'''

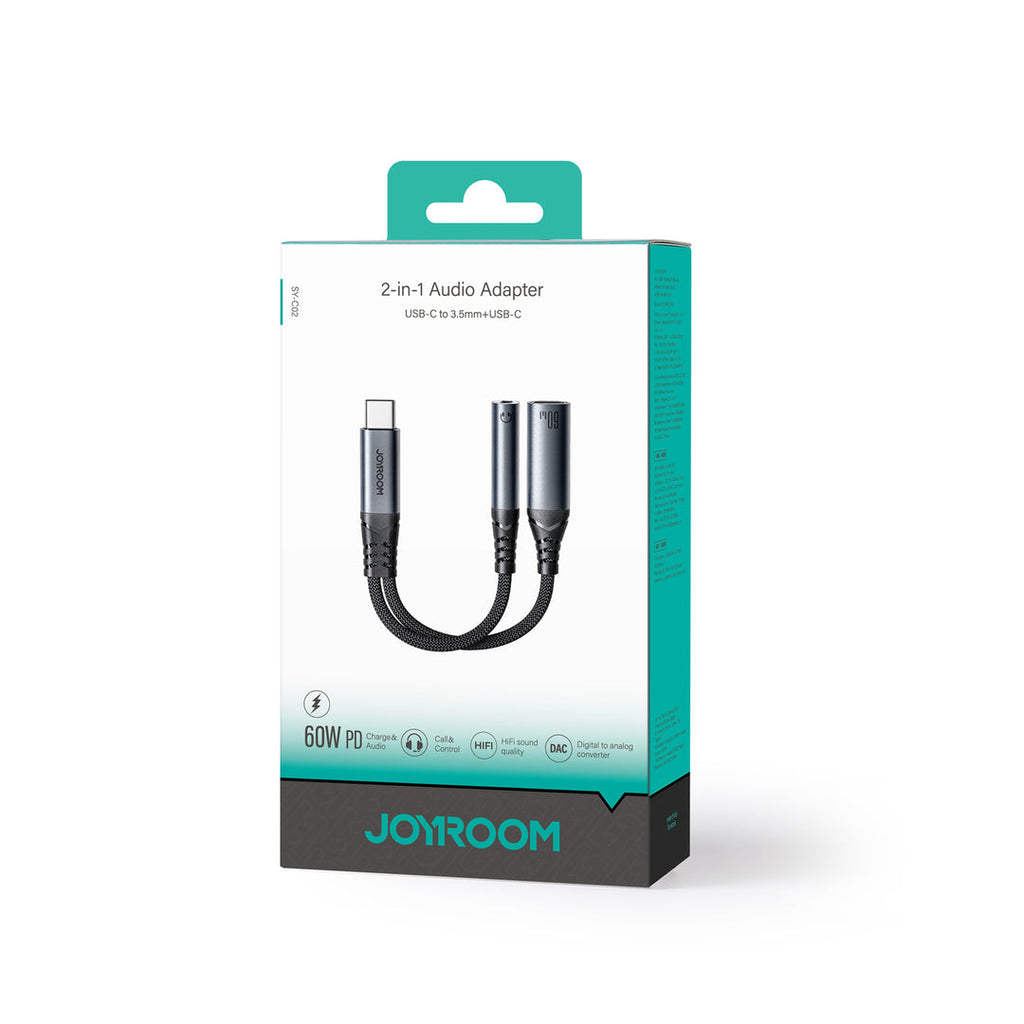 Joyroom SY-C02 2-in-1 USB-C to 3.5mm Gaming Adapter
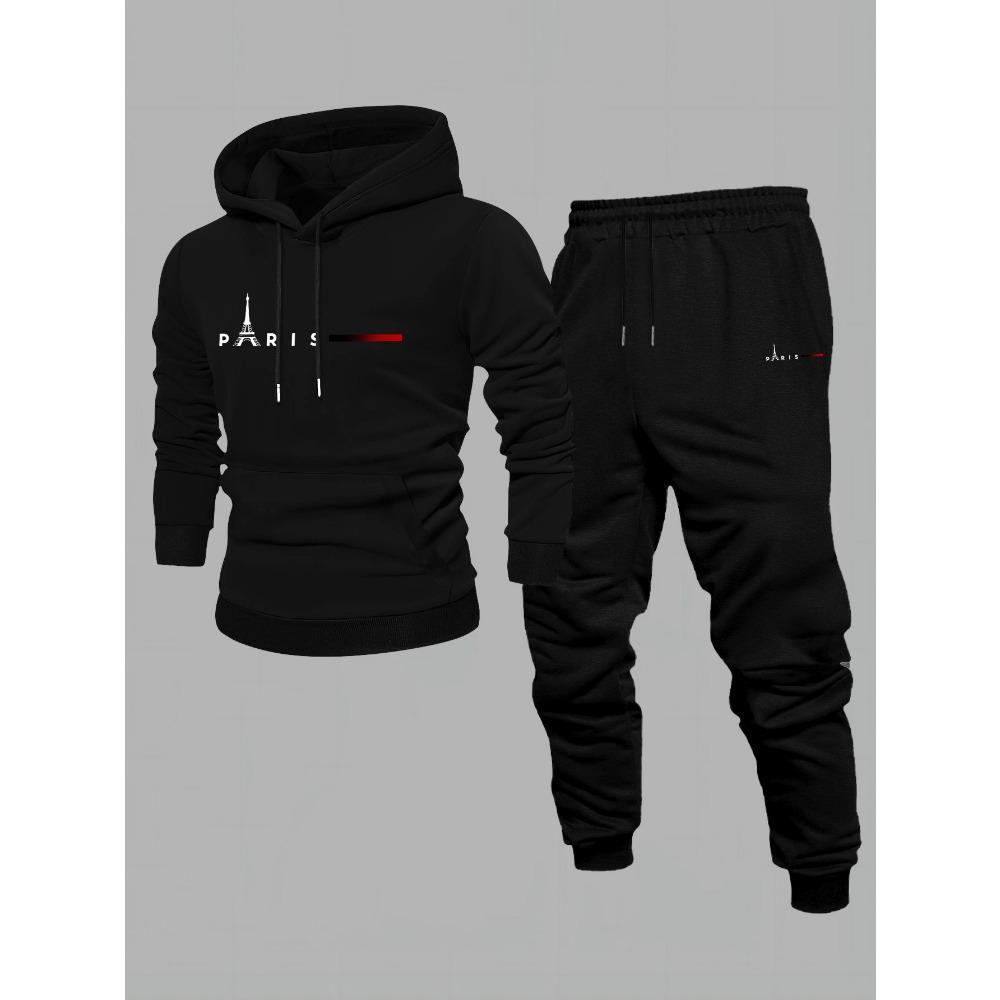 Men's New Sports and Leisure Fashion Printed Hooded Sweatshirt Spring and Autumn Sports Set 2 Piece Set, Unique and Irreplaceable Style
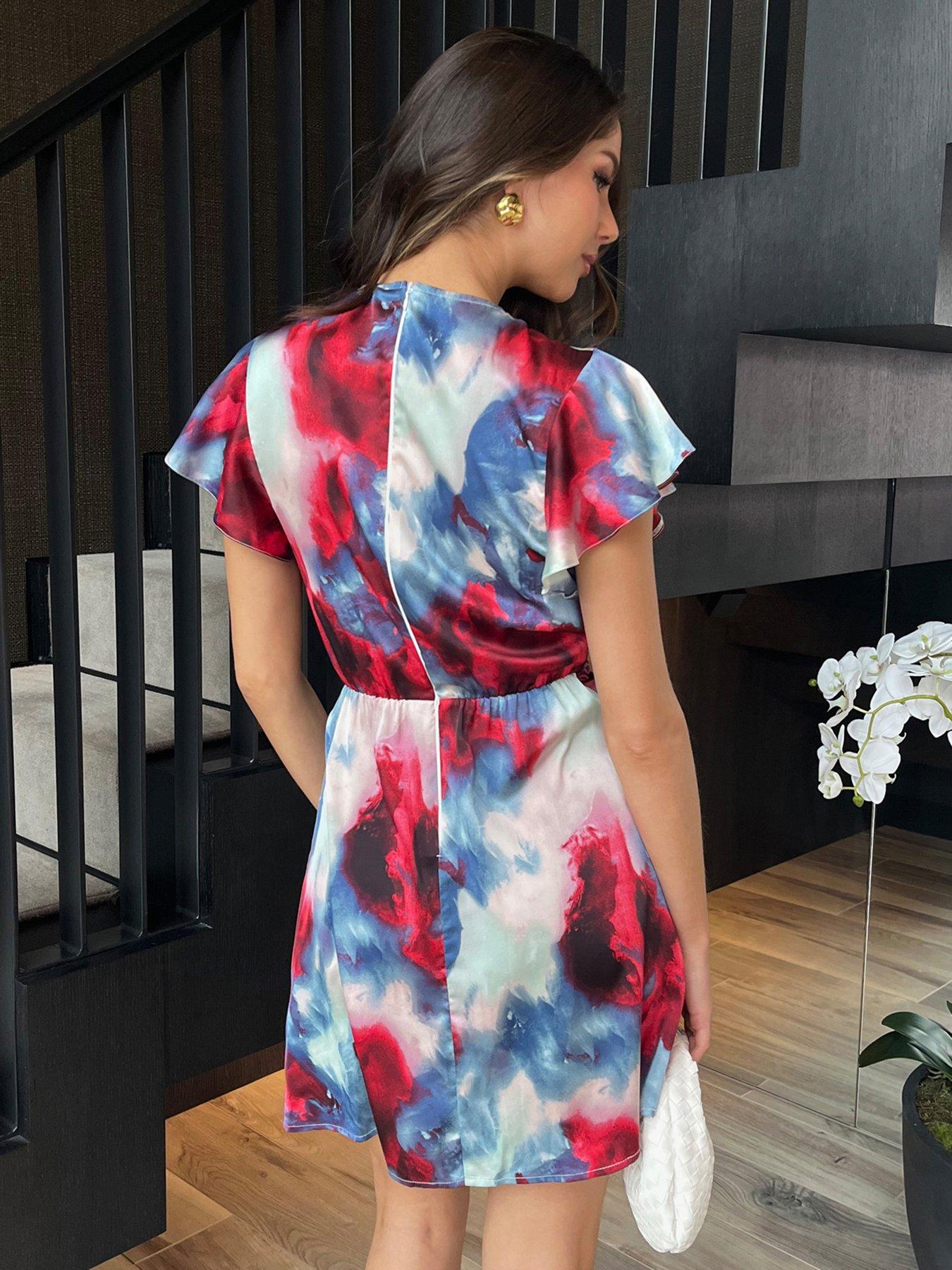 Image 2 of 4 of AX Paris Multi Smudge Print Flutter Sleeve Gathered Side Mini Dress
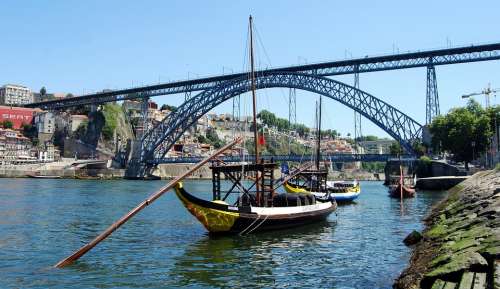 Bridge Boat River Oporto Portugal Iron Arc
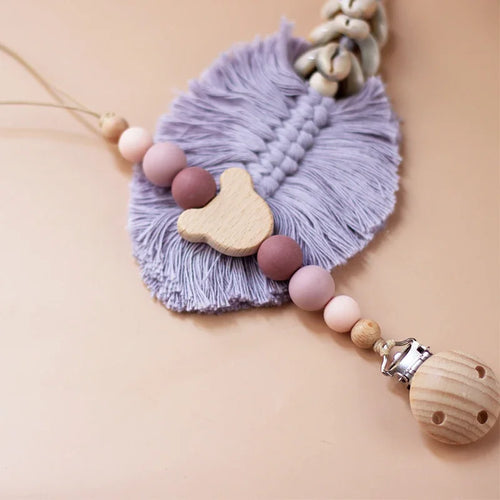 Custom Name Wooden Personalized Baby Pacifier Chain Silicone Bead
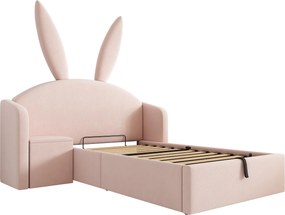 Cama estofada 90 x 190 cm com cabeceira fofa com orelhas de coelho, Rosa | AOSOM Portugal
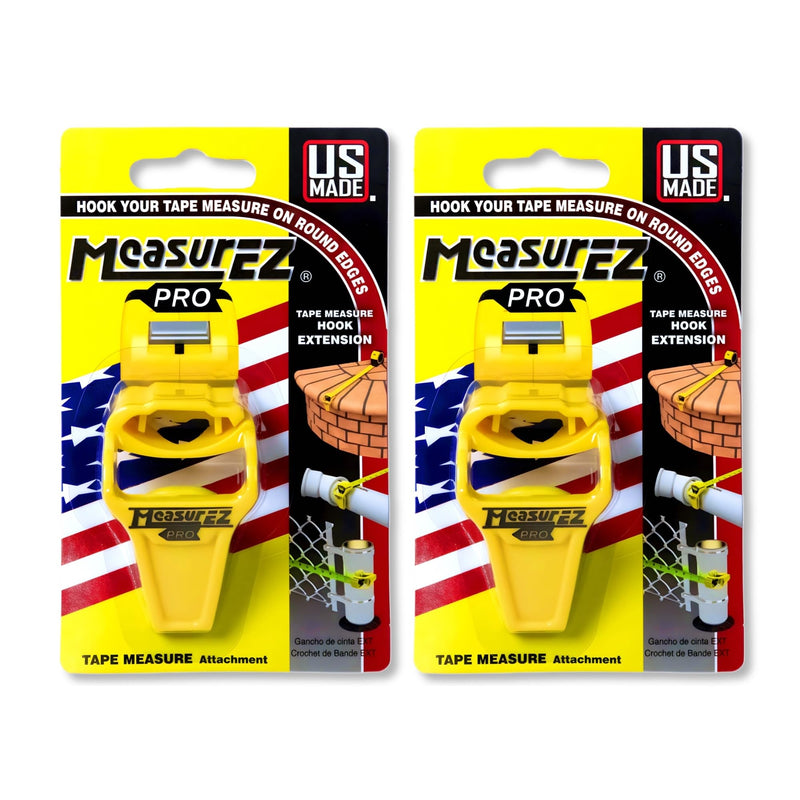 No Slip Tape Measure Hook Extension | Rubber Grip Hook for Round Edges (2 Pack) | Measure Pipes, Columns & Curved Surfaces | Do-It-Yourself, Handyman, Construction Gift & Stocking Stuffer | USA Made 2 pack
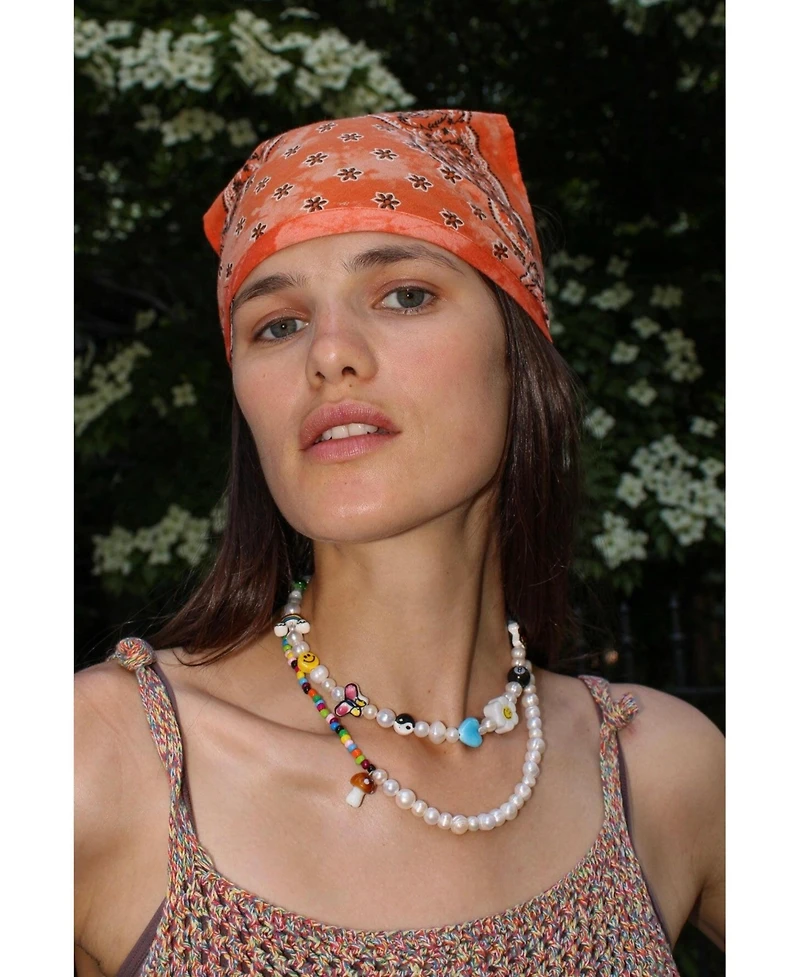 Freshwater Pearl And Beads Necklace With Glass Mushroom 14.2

'''

▶ _PROBLEM_: The records above should be output exactly, but without any of their pictures.

▶ _RESPONSE_:
 Joyroom SY-C02 2-in-1 USB-C to 3.5mm Gaming Adapter
 Men's New Sports and Leisure Fashion Printed Hooded Sweatshirt Spring and Autumn Sports Set 2 Piece Set, Unique and Irreplaceable Style
 Image 2 of 4 of AX Paris Multi Smudge Print Flutter Sleeve Gathered Side Mini Dress
 Bridge Boat River Oporto Portugal Iron Arc
 Custom Name Wooden Personalized Baby Pacifier Chain Silicone Bead
 Cama estofada 90 x 190 cm com cabeceira fofa com orelhas de coelho, Rosa | AOSOM Portugal
 No Slip Tape Measure Hook Extension | Rubber Grip Hook for Round Edges (2 Pack) | Measure Pipes, Columns & Curved Surfaces | Do-It-Yourself, Handyman, Construction Gift & Stocking Stuffer | USA Made 2 pack
 Freshwater Pearl And Beads Necklace With Glass Mushroom 14.2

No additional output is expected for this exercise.